In December 2024, the FDA granted breakthrough designation to sac-TMT for the treatment of patients with advanced or metastatic nonsquamous NSCLC harboring EGFR mutations whose disease has progressed on or following a TKI and platinum-based chemotherapy. OptiTROP-Lung03 enrolled patients with nonsquamous NSCLC who had either stage IIIB/IIIC disease and were ineligible for surgery or radical radiotherapy, or stage IV disease.
Patients were randomly assigned 1:1 to receive intravenous sac-TMT at 5 mg/kg every 2 weeks or IV docetaxel at 75 mg/m2 every 3 weeks. Treatment in both arms continued until disease progression, intolerable toxicity, or any other reason for discontinuation. The primary end point was overall response rate per blinded independent central review.

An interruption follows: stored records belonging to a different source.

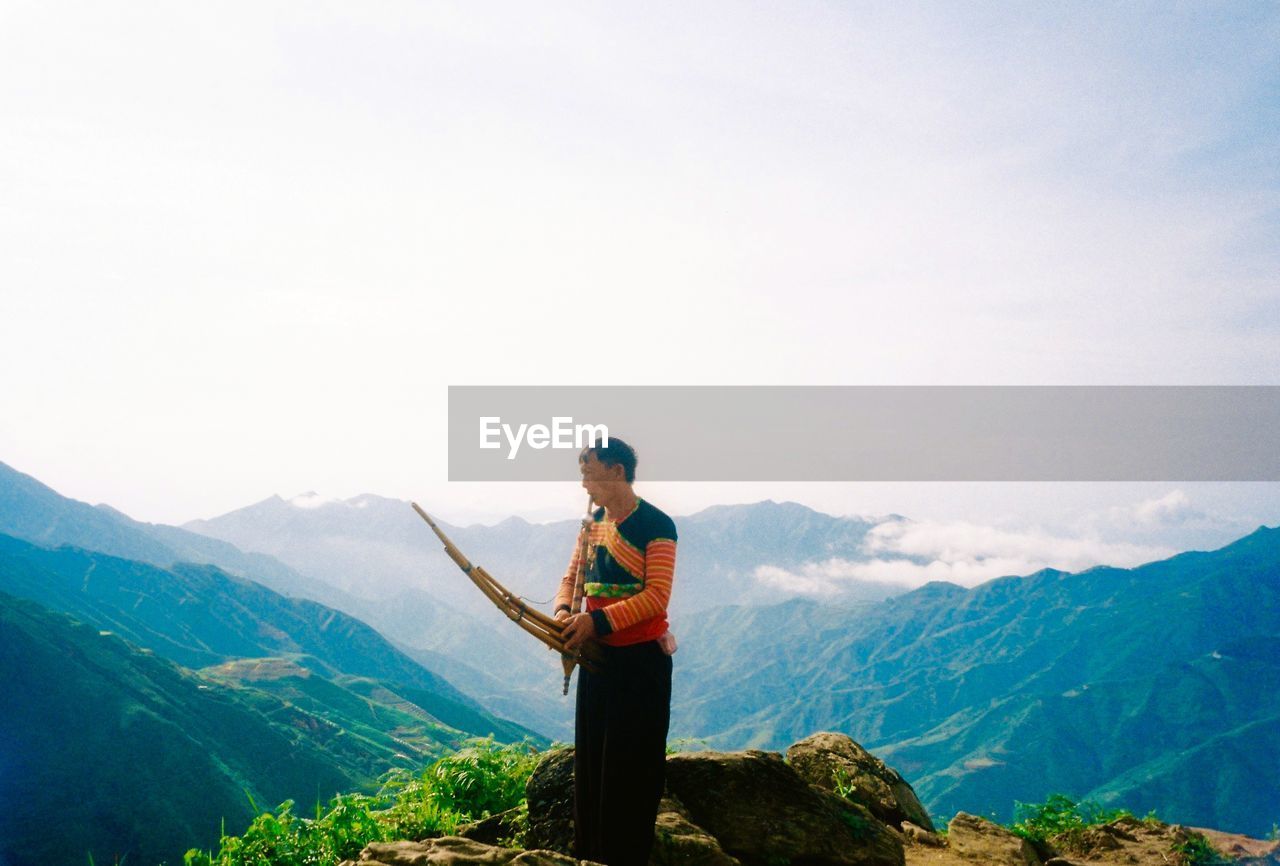 Side view of man standing on mountain against sky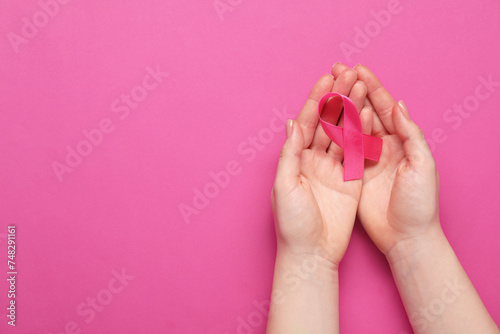 Breast cancer awareness. Woman with pink ribbon on color background  top view. Space for text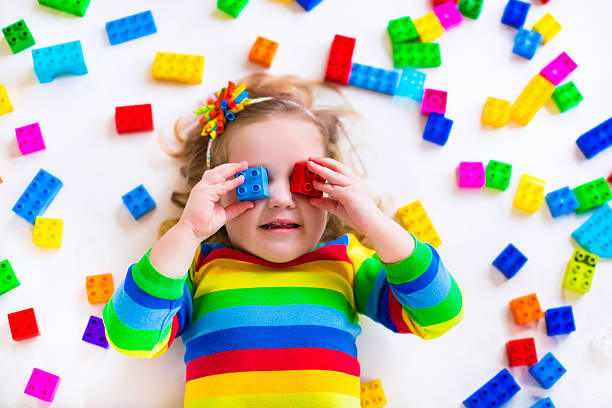 istock A little girl playing with rainbow plastic blocks 465509110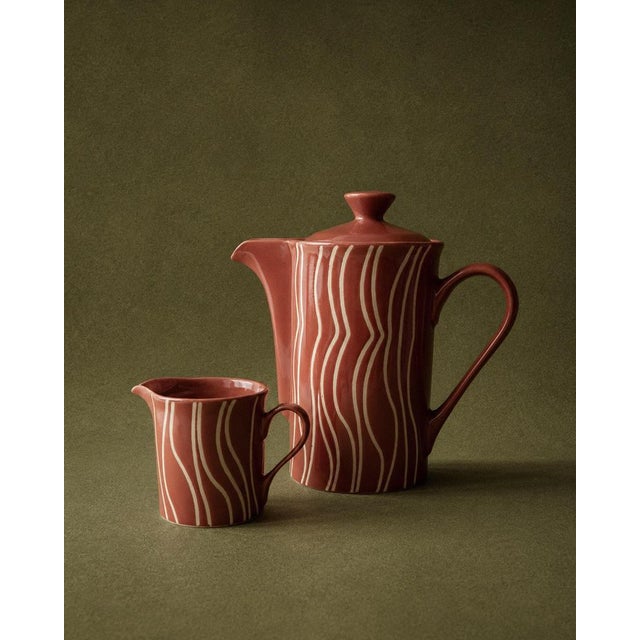 This vintage ceramic tea/coffee set from the 1970s includes a teapot with its original lid and a matching creamer, both...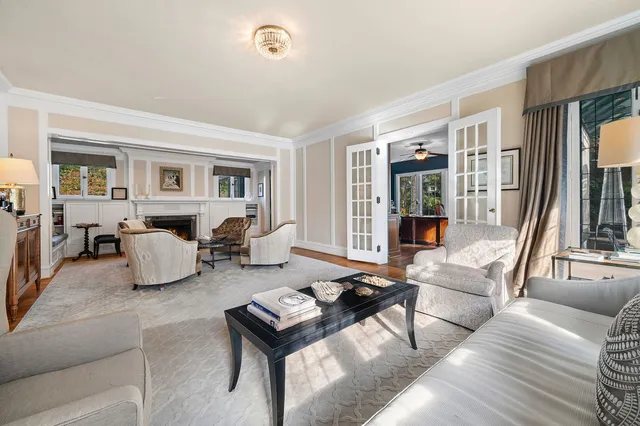 a view of a dining room with furniture wooden floor and chandelier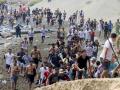 Entre los concentrados había familias enteras, mujeres, niños, jóvenes y personas de diferentes edades que avanzaron conjuntamente hacia la frontera. La Policía marroquí estableció un cordón en algunos puntos de acceso, aunque numerosos grupos lograron continuar su marcha por las colinas que rodean el perímetro fronterizo.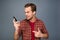 Shoked young man holding phone and reading message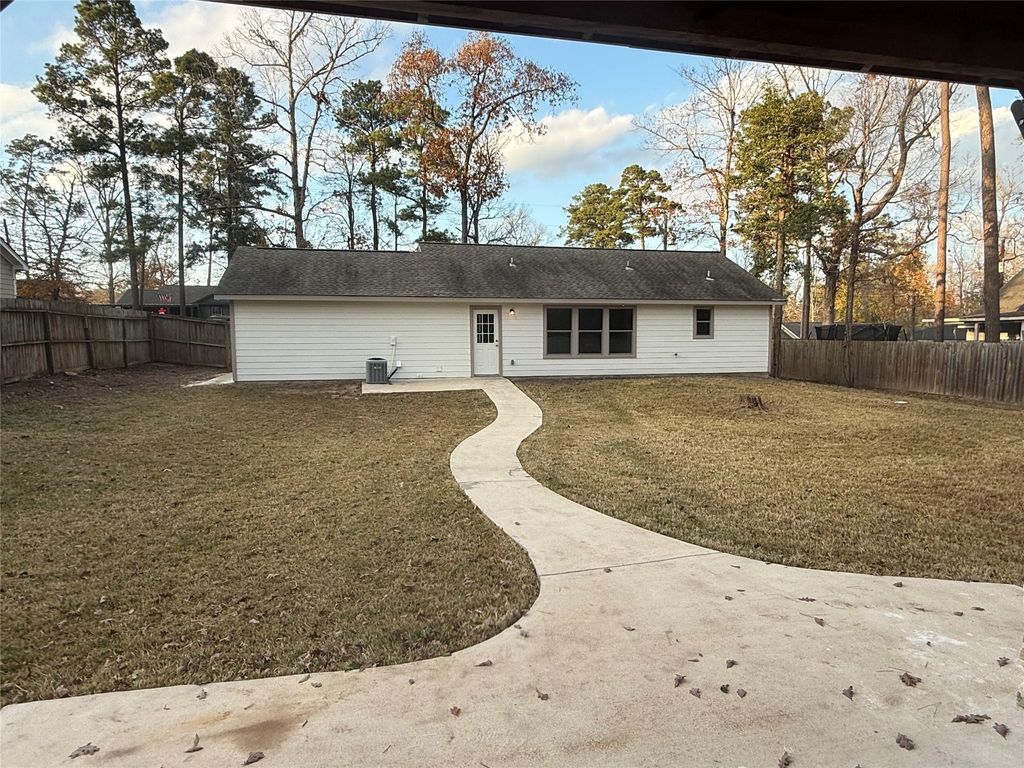 Photo of 10464 Royal York Dr, Conroe, TX 77303 (MLS # 69660683)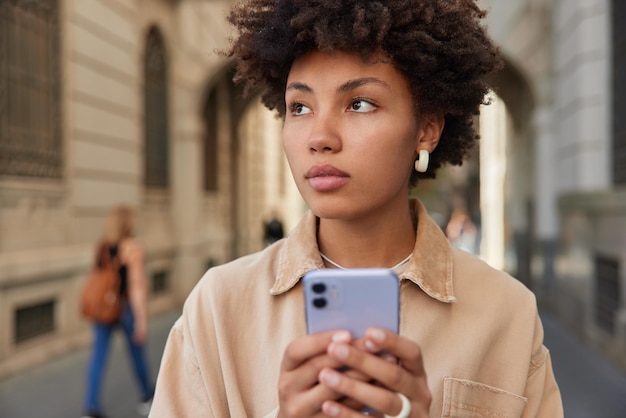 사려 깊은 곱슬머리의 아름다운 여성이 휴대전화를 탐색하는 야외 사진은 여행 중에 내비게이션 앱을 사용하여 도시 거리를 걷는 동안 콘텐츠 공유 멀티미디어를 온라인에 집중적으로 보냅니다.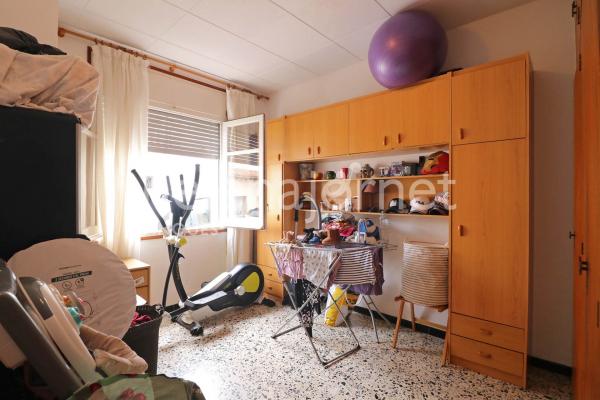 Casa adossada a Sant Feliu de Guíxols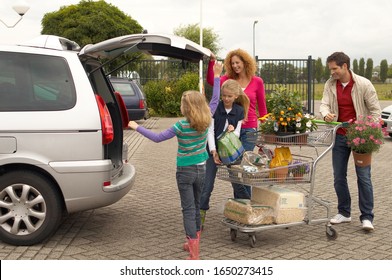 Family Buying Gardening Supplies Together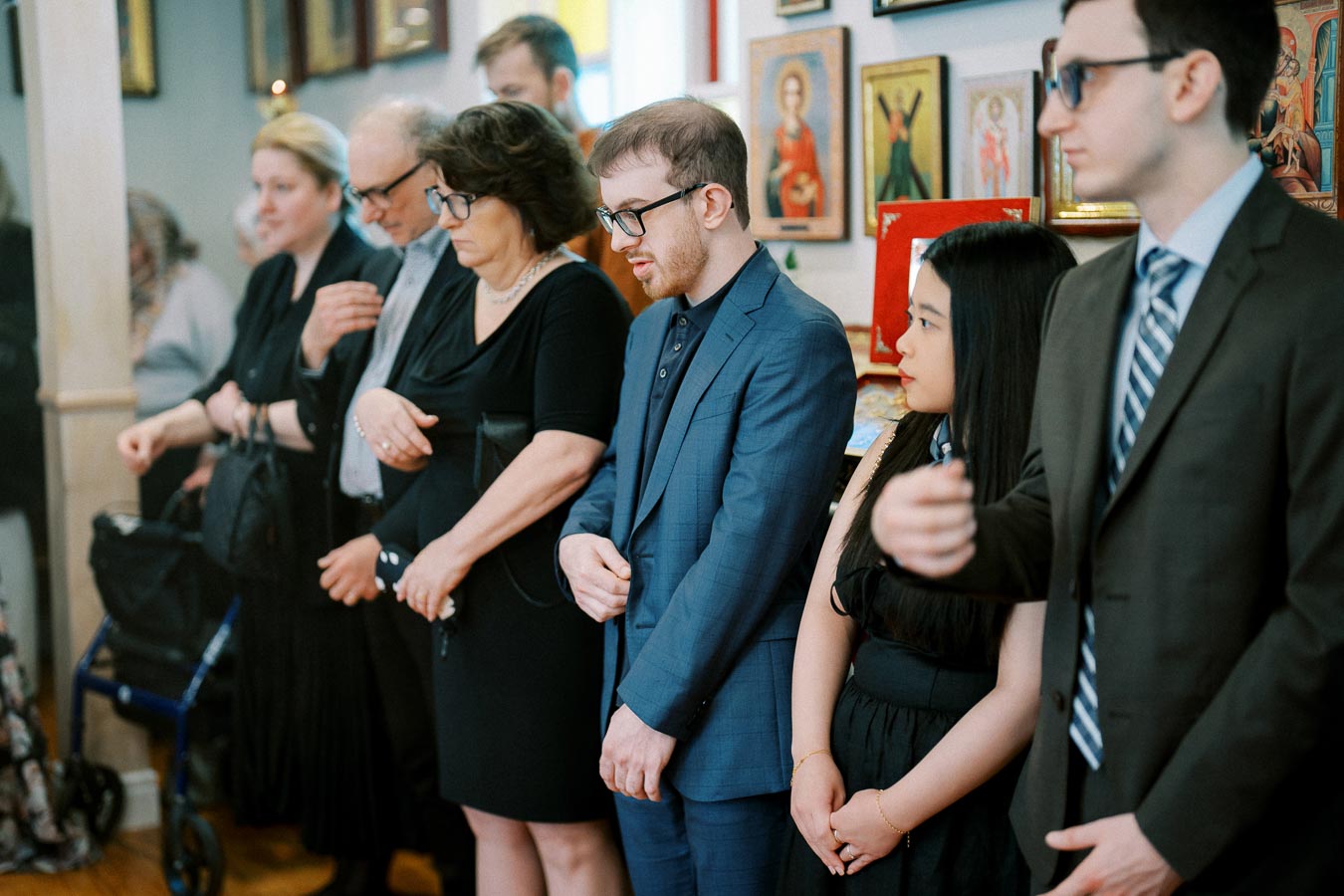 A group of people standing in a solemn setting, dressed in formal attire, possibly attending a ceremony or event, with art and religious iconography in the background.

In terms of safety, any-grade treatment-related adverse effects occurred in 97.8% of patients in both the investigational and control arms. Patients in both arms experienced grade 3 or higher TRAEs (60.4% vs 73.9%), serious TRAEs (20.9% vs 41.3%), TRAEs leading to dose reduction (42.9% vs 43.5%), and TRAEs leading to dose interruption (46.2% vs 30.4%).
The most common any-grade TRAEs in the investigational arm included anemia (81.3%), decreased white blood cell count (74.7%), decreased neutrophil count (68.1%), and stomatitis (65.9%). The most common any-grade TRAEs in the control arm included anemia (67.4%), decreased white blood cell count (63.0%), decreased neutrophil count (58.7%), and alopecia (50.0%).